Il y a un an et demi, j’avais rédigé cette chronique dans laquelle je racontais avoir vu jouer un défenseur de 14 ans, Raphaël Maheux, qui me semblait promis à un fort bel avenir.

 À l’âge de 14 ans, Maheux portait déjà l’an dernier les couleurs de l’équipe M-19 du programme Ulysse, de l’école l’Odyssée à Terrebonne. Inspiré des programmes de hockey des Prep Schools américains, Ulysse a été créé et développé à l’extérieur des cadres de Hockey Québec. Et pour cette raison, les dirigeants de la fédération québécoise tentent depuis des années de faire disparaître Ulysse, qui est pourtant un programme de hockey de grande qualité.

L’an dernier, donc, après avoir vu jouer Maheux contre des joueurs de 17-18 ans d’un Prep School du Vermont, j’avais écrit : « S’il continue à faire preuve de sérieux et à progresser de cette façon, Maheux sera assurément un choix de premier tour au repêchage de la LHJMQ en 2012. S’il opte pour le hockey junior majeur québécois, bien sûr.
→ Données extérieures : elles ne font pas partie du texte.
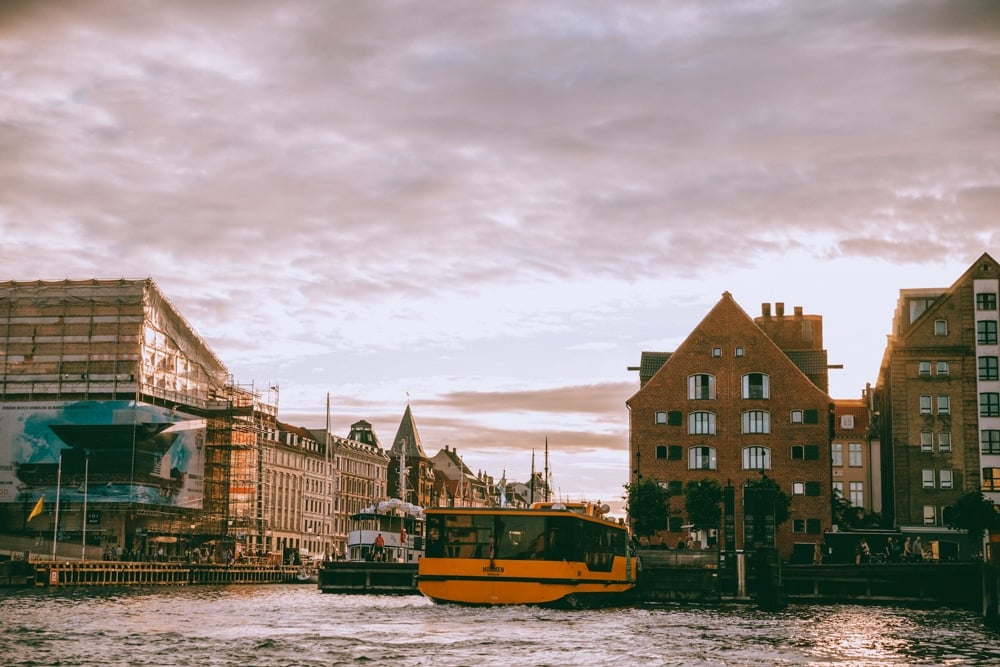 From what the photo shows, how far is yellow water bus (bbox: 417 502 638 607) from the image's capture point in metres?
48.6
Car malgré son jeune âge, plusieurs collèges américains lui font déjà la cour. »

Ces derniers jours, au début de mai, Raphaël Maheux a été le seul joueur canadien de 15 ans à être sélectionné au repêchage de la USHL, la ligue de hockey junior américaine. La USHL accueille les plus beaux espoirs des États-Unis avant qu’ils ne fassent le saut dans la division I de la NCAA, au sein des meilleurs programmes universitaires américains.   

Les Lumberjacks de Muskegon ont attendu jusqu’au quatrième tour pour sélectionner Maheux parce que ce dernier n’a pas encore fait son choix entre la LHJMQ et l’aventure américaine. S’il opte pour la USHL, Maheux est déjà assuré, dit-on, de recevoir une bourse d’études complète de Penn State, dont le nouveau programme de hockey est fort prometteur.
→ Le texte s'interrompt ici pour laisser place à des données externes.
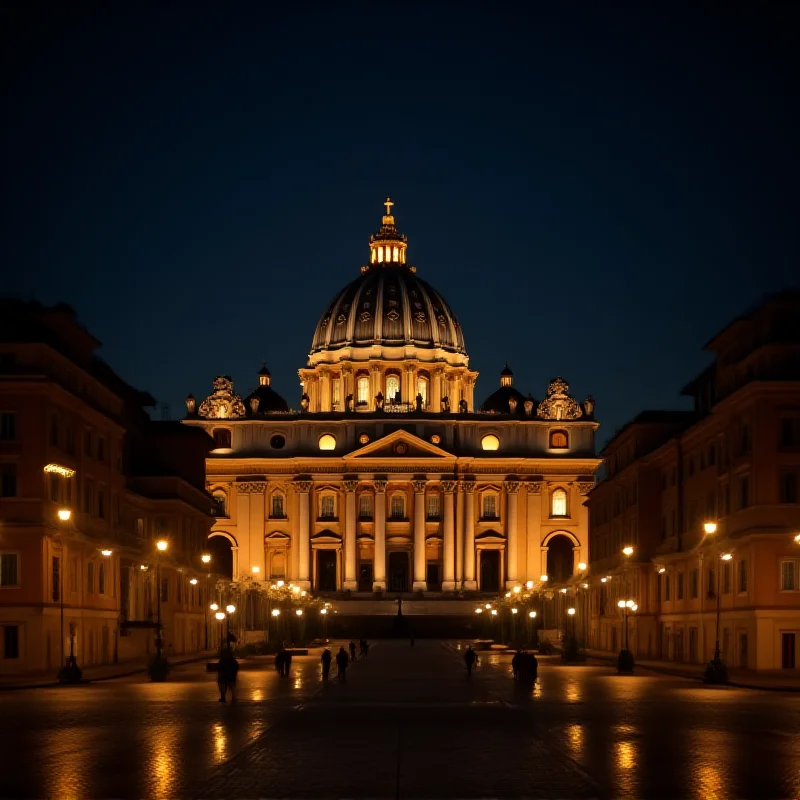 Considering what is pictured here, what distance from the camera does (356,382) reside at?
648 feet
Maheux est depuis peu conseillé par Pat Brisson, qui a un extraordinaire flair pour dénicher plusieurs années à l’avance les meilleurs espoirs en vue du repêchage de la LNH.   

Au cours des dernières semaines, j’ai donc sursauté en consultant la liste de la centrale de recrutement de la LHJMQ, qui plaçait Maheux aussi loin qu’au 27e rang des espoirs en vue du repêchage du 9 juin prochain.
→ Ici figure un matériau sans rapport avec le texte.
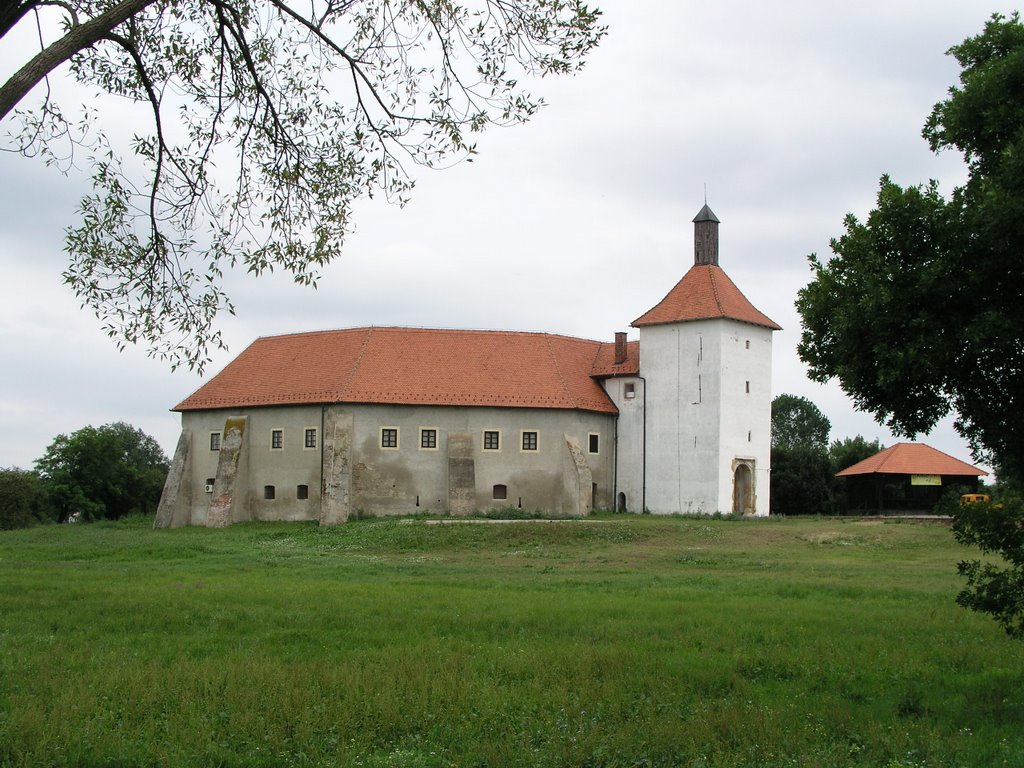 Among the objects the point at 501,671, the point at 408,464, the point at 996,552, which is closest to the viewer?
the point at 996,552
Maheux n’est âgé que de 15 ans. Il fait 1,85 m et pèse 95 kg (6 pi 1 po et 211 lb). Il est calme lorsqu’il est en possession du disque, il possède une vision du jeu hors du commun et il fait bien circuler la rondelle. Bref, il ne lui manque pas grand-chose. Comment se fait-il qu’il soit placé aussi loin qu’au 27e rang?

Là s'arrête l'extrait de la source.